# machinists tool chest



## kennyd (Mar 9, 2010)

Hi LJs,

While poking around in here and looking at others projects I saw a beautiful machinists tool chest that I'd like to try and build for my son. I just can't remember who built it. If anyone has built one please let me know so I can take a look at your projects and see if it's the one I wanted to try and replicate.

Thank you in advance.

Kenny


----------



## bobkberg (Dec 26, 2009)

Using the search bar at the top of the page gave several results the first one follows:
http://lumberjocks.com/DocK16/blog/13324

A Google search for "machinists chest plans" comes up with several more matches.

Good luck,


----------



## kennyd (Mar 9, 2010)

Thanks Bob. I'll give the google search a try.


----------



## lilredweldingrod (Nov 23, 2009)

You might try PlansNow.com


----------



## TopamaxSurvivor (May 2, 2008)

this one http://lumberjocks.com/projects/13628


----------



## kennyd (Mar 9, 2010)

Hi Everyone and thanks for your help. I've looked at all of the links you've provided but none of them are the one I saw. I believe that the one I was looking at had a Dark Walnut front panel that opened from the top down, slid inside the cabinet at the bottom, and exposed the interior drawers and compartments. I'll just keep looking. It's got to be here somewhere!

Thank you again.


----------



## hairy (Sep 23, 2008)

Check this one out. No plans, but plenty of inspiration.

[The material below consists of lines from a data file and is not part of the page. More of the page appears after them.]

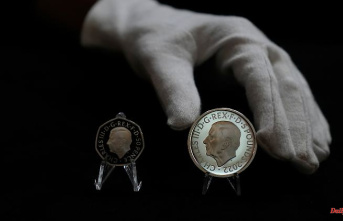 Royal mail is also changing: the first coins with a portrait of Charles are presented
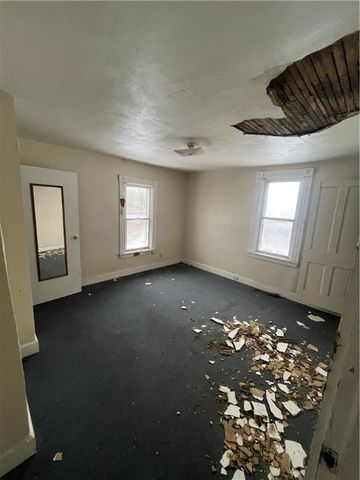 131 Pleasantview Ave, City Of But Se, PA 16001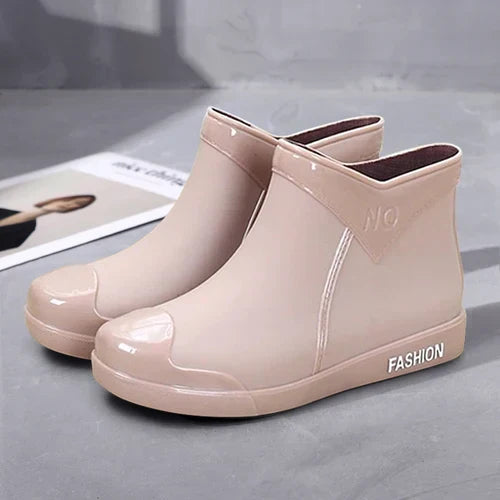Ladies' waterproof ankle boots with side zip – Selis
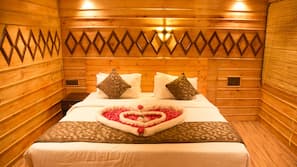 Premium bedding, in-room safe, free WiFi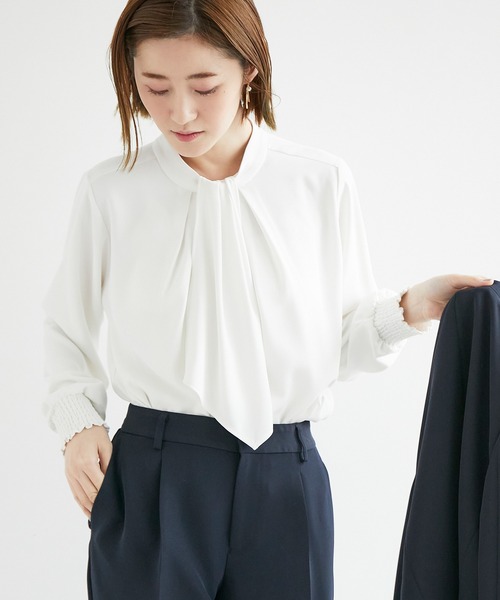 ROPE' PICNIC(ロペピクニック)の「【2WAY】ボウタイディテールブラウス(シャツ/ブラウス・レディース・ホワイト/ライトグレー/ネイビー/ライトグリーン・40/38)」の2枚目の写真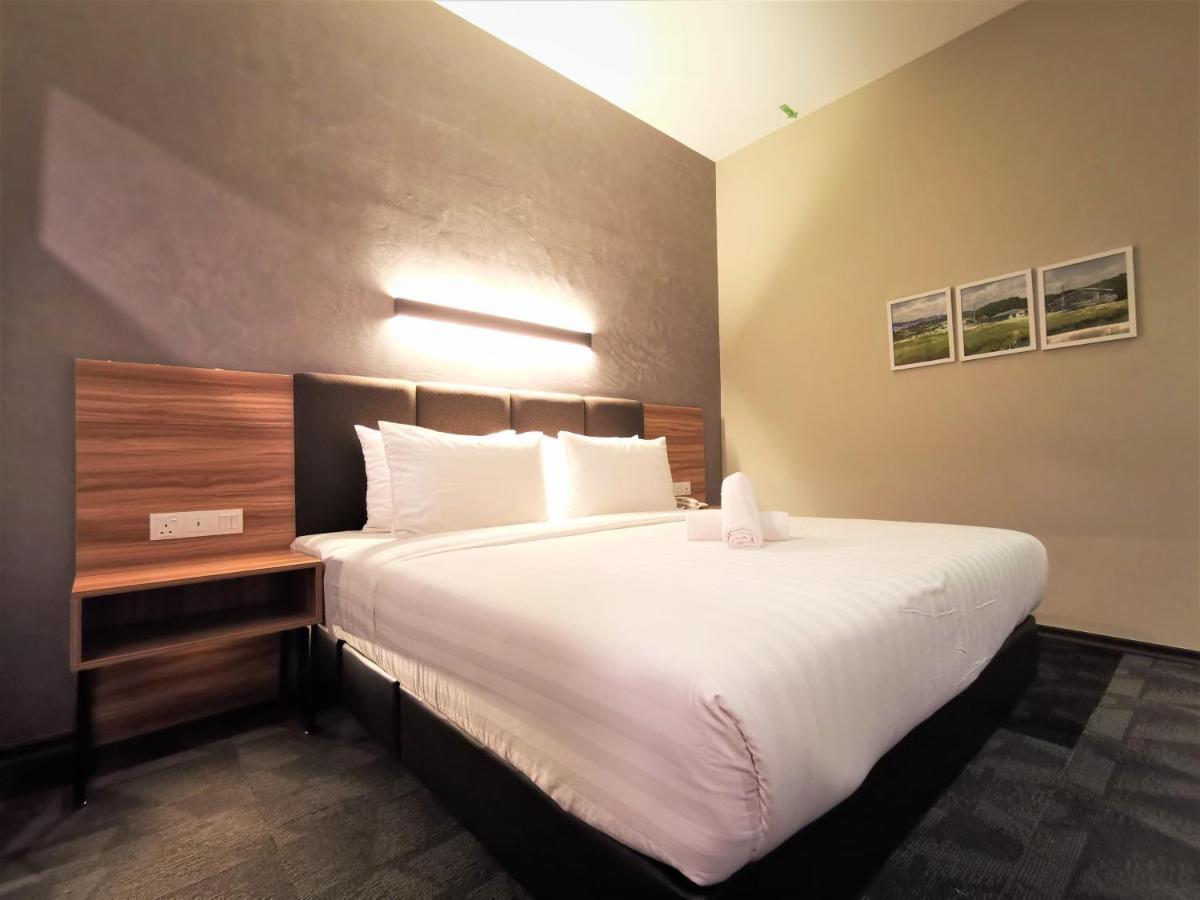 Prestigo Hotel - Johor Bharu Джохор-Бару Экстерьер фото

http://www.garagejournal.com/forum/showthread.php?t=36156


----------



## KayBee (Jul 6, 2009)

If you can't find it on LJs, here are a few links to check out. I think that there is one that is similar to what you're looking for.
http://www.finewoodworking.com/contest/tool-chests-cabinets
http://www.finewoodworking.com/item/13880/classic-machinists-chest


----------



## jm82435 (Feb 26, 2008)

I built one in cherry:
http://lumberjocks.com/projects/5881


----------



## chebeaguewoodbutcher (Mar 27, 2008)

check out the one I built for my son on my projects page. this was reverse engineered from pictures at the grestner site.


----------



## kennyd (Mar 9, 2010)

Hairy, KayBee, jm, cheb, and anyone else following this thread….thank you all for the links. They're all beautiful and I can certainly use those for inspiration and ideas. As soon as I finish the two projects I'm working on the tool chest will be started. I can get my hands on some reclaimed chestnut from a friend. He also has some white oak, and walnut. I see a lot of cherry being used for these boxes. Is there any special reason for this or is it personal preference?


----------



## jm82435 (Feb 26, 2008)

It is beautiful.
Machines nicely.
It is also relatively stable. (I have a store bought one in beech that is all split up)


----------